Знаменитый британский полководец Веллингтон сказал, «что он никогда не думал, что армию можно довести до столь великого совершенства» [11. С. 383].
Прославленный адмирал Сидней Смит добавил:
— Этот смотр есть урок, даваемый императором российским прочим народам [11. С. 383].
Всего в смотре, по данным генерала А. И. Михайловского-Данилевского, было задействовано 150 554 человека — в том числе 87 генералов, 433 штаб-офицера и 3980 обер-офицеров, при 540 орудиях, и он превзошел все ожидания [97. С. 317]. Все полки «были доведены до совершенства», и «в продолжение церемониального марша… никто не сбился с ноги» [11. С. 383].
Император Александр, очень довольный смотром, произнес:
— Я вижу, что моя армия — первая в свете; для нее нет ничего невозможного, и по самому наружному ее виду никакие войска не могут с нею сравниться [11. С. 383].
Княжеское достоинство
«Когда иностранцы, бывшие в Вертю, разъехались, государь лично занимался выбором людей в гвардию и в гренадеры; провел весь день в поле, был отменно весел, подъезжал к каждому полку, приветствовал их и наградил многих генералов. Фельдмаршал граф Барклай-де-Толли возведен в княжеское достоинство» [97. С. 337].
Произошло это 30 августа (11 сентября) 1815 года, причем Михаил Богданович был возведен в княжеское достоинство Российской империи вместе с нисходящим потомством с формулировкой: «За оказанные в продолжение минувшей войны с французами неоднократные важные Отечеству услуги, последствием коих было, наконец, заключение мирного трактата в Париже, и за заслуги по устройству войск, двинутых в нынешнем году во Францию, за заведенный в оных порядок, сохранение строжайшей дисциплины в землях иностранных, чем имя российского воина еще более прославлено, и за воинскую исправность, найденную в войске при сделанном у города Вертю смотре».
Как мы помним, Михаил Богданович получил графский титул «за заслуги в четырехдневном достославном сражении при Лейпциге и новые опыты отличного мужества», а чина генерал-фельдмаршала он был удостоен за взятие Парижа.

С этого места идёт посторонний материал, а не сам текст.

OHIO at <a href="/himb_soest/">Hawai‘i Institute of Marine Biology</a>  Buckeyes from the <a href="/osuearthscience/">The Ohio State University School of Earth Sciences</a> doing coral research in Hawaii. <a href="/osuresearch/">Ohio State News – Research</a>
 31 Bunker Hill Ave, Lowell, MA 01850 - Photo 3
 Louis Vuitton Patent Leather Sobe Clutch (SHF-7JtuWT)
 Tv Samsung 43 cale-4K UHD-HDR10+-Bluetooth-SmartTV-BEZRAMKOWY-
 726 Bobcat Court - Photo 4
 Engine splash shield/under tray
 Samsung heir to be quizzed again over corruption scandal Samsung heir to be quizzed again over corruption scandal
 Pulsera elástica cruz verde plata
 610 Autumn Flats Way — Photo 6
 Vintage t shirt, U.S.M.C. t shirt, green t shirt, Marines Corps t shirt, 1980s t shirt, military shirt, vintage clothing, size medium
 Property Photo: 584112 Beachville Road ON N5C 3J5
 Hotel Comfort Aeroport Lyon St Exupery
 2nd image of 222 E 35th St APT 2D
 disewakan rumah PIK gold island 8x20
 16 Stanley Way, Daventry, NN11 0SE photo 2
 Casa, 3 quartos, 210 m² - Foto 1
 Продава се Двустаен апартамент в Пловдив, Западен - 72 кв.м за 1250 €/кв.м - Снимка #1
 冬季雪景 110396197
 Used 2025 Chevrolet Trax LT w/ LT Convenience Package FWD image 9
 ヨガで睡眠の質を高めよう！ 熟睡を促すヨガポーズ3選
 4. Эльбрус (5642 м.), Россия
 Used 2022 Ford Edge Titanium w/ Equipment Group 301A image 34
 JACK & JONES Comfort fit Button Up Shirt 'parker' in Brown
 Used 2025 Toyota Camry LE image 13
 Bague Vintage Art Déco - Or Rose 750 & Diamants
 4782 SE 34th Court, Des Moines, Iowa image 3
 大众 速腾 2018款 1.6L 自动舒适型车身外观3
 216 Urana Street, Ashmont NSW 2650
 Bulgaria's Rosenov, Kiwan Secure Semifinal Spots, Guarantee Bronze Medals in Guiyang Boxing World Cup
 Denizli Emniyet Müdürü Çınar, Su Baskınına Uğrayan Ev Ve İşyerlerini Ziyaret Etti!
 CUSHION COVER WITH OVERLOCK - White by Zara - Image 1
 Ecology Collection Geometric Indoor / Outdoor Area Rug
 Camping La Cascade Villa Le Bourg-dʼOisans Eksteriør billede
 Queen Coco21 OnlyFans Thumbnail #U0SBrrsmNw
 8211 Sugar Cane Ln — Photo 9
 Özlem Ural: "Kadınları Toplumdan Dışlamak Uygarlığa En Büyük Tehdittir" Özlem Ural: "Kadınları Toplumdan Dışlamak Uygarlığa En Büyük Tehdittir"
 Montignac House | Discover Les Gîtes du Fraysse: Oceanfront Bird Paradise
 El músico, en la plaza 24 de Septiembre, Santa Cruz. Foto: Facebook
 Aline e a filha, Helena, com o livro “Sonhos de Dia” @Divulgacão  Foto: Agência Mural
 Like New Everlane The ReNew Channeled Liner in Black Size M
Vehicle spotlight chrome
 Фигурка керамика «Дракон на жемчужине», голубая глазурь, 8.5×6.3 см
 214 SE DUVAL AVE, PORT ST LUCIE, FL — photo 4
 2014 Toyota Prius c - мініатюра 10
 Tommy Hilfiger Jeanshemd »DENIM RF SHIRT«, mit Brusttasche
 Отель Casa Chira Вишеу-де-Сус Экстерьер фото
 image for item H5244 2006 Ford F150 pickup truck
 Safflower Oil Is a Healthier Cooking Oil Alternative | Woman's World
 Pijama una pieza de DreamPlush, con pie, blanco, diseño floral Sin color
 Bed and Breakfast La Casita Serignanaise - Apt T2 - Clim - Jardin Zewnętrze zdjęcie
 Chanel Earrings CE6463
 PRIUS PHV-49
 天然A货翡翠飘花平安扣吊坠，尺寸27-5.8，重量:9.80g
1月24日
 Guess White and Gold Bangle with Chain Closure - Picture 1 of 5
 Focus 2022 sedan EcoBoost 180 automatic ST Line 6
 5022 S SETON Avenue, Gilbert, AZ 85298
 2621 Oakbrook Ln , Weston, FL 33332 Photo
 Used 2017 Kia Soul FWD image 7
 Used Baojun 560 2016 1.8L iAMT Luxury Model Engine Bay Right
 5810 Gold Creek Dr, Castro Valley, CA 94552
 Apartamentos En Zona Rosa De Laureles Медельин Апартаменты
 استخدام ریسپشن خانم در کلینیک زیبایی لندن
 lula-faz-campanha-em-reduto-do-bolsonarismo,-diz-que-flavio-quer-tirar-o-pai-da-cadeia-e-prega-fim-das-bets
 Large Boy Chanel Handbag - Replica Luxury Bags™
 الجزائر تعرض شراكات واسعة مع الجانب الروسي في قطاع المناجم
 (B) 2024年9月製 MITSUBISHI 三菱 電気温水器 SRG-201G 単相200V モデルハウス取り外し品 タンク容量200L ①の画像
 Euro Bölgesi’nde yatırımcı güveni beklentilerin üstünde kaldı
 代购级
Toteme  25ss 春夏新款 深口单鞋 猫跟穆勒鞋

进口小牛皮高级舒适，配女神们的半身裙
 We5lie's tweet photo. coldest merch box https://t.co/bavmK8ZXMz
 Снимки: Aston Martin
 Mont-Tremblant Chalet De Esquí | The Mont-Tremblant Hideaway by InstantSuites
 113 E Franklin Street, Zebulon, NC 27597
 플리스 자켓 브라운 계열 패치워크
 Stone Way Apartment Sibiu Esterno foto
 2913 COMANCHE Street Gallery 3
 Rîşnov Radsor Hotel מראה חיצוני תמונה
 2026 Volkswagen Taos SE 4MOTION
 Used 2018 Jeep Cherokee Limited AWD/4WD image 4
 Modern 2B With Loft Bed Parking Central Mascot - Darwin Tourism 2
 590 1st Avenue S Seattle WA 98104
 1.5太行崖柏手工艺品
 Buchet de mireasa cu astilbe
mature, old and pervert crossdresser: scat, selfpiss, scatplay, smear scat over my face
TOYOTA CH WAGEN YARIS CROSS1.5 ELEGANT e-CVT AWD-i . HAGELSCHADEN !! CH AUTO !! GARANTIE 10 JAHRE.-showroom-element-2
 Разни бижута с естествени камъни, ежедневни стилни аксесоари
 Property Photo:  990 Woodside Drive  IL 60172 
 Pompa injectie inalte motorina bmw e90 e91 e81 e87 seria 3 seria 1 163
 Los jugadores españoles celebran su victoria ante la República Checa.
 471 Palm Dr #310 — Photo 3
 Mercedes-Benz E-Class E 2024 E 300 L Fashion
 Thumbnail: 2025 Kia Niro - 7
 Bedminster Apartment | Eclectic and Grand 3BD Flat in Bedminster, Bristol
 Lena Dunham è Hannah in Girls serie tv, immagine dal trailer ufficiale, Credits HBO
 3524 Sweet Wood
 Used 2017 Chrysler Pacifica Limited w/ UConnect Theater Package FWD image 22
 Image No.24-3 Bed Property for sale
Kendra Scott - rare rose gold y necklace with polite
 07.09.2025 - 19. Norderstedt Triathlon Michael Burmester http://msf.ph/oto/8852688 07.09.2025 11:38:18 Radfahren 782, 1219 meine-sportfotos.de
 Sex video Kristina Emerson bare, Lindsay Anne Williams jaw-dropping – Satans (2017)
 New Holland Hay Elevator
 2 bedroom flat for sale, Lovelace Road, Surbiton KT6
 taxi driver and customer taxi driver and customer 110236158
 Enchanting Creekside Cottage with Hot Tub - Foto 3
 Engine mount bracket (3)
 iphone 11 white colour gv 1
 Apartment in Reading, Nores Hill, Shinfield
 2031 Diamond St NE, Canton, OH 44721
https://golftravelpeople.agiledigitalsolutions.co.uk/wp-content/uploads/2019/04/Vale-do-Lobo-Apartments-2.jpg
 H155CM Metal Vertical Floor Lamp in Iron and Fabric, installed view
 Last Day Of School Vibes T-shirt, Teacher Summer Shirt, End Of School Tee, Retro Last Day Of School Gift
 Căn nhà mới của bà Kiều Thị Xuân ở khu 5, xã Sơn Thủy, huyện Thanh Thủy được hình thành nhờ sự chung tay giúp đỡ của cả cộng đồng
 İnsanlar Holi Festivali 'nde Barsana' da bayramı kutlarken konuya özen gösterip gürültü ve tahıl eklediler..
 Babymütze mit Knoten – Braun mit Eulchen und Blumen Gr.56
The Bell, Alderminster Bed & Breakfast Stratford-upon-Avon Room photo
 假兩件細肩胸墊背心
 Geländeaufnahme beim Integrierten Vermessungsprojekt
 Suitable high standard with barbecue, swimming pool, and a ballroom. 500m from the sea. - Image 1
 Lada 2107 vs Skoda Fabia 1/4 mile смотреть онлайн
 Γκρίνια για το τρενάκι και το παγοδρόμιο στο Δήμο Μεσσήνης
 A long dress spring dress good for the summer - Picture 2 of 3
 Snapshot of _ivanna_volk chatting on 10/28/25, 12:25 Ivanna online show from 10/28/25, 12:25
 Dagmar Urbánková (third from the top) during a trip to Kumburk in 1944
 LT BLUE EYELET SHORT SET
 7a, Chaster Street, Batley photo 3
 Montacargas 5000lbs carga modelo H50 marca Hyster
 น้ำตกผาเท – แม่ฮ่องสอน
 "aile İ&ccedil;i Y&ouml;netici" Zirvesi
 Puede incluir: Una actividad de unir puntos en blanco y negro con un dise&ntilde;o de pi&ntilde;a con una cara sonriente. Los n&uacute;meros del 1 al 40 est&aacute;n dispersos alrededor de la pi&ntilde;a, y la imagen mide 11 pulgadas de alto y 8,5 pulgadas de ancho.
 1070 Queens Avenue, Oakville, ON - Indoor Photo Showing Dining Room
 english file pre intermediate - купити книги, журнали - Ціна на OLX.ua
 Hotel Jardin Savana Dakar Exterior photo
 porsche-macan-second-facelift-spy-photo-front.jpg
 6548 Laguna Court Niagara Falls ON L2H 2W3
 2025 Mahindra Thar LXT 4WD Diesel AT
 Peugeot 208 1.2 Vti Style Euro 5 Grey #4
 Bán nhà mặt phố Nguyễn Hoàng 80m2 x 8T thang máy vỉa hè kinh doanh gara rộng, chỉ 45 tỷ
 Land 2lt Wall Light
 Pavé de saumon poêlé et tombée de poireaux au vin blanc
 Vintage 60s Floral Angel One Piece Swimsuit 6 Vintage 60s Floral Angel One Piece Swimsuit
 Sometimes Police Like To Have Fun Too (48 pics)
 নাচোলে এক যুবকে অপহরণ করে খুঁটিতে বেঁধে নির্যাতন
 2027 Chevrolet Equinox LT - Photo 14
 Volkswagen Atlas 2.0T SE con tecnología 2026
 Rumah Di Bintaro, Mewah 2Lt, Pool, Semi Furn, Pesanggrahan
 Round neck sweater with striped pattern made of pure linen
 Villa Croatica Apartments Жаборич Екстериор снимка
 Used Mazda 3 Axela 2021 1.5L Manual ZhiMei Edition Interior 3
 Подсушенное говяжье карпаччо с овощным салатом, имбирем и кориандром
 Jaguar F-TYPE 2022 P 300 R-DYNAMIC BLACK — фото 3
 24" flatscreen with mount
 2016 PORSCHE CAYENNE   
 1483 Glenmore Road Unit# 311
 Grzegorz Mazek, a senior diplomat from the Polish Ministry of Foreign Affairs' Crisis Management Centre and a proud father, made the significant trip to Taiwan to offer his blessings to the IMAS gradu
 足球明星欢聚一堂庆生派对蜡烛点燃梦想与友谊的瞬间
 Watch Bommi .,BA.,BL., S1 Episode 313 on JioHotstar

Но вот чтобы стать князем, ему оказались не нужны ни сражения, ни победы. Достаточно было просто организовать потрясающий по своей красоте парад.
К сожалению, как мы помним, в это время «этот полководец, заслуживший название российского Фабия, начинал уже чувствовать ослабление сил, изнуренных ранами и трудами. Перед началом похода 1815 года он желал на некоторое время удалиться от дел для отдохновения. Государь соизволил на его просьбу, но… движение войск во Францию воспрепятствовало отпуску» [97. С. 338].
Позже, в январе 1818 года, был Высочайше утвержден необычайно пышный княжеский герб Барклая-де-Толли.